Business schools must shift from believing that our sole purpose is to help individuals succeed in their careers to embracing the notion that we serve a wider, collective, and elevated purpose.
We also have started to rethink the traditional MBA from a purpose perspective, and we have been creating ways to expose all MIP students and alumni to this paradigm through short courses and leadership coaching services. At the same time, we are reaching companies through our Purpose Lab, which blends executive education and strategic consulting capabilities to provide business leaders with the space, resources, and support they need to create purpose-led businesses. Through the lab, executives can gain insights on how to envision and enact purpose-led strategies.

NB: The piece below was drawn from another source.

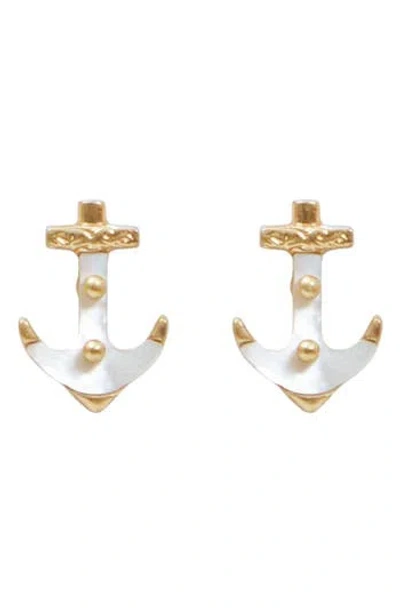 Clare V . Anchor Stud Earrings In White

They can also benefit from one-on-one coaching sessions and the chance to interact with a community of practitioners who share experiences and perspectives.
Finally, we have sought and received B Corp Certification, which recognizes the commitment companies make to pursuing sustainable development and building a more inclusive society. MIP Politecnico is one of the first business schools worldwide that has received the designation.
The Third Challenge
One of the biggest challenges for the business school market has always been understanding what goes on inside companies so that we can prepare our students to become managers and leaders. Another challenge is finding ways to integrate businesses into the fabric of our schools.
Today we have a third challenge: innovating our educational methods so we can help future managers, entrepreneurs, and business leaders understand that profit should not be the sole goal of the organization.
As the landscape of business changes, the aims of business schools also must change. We must shift from believing that our sole purpose is to help individuals succeed in their careers to embracing the notion that we serve a wider, collective, and elevated purpose.
Universities and business schools have always been places where people and ideas meet. They’re places where future leaders develop their critical thinking, build their creativity and leadership, and pursue their purposes. This is the tradition of higher education that we want to continue. We want to help our students—the next generation of leaders—discover how they can make a wider positive impact on society as a whole.
Federico Frattini is dean of MIP Politecnico di Milano in Italy.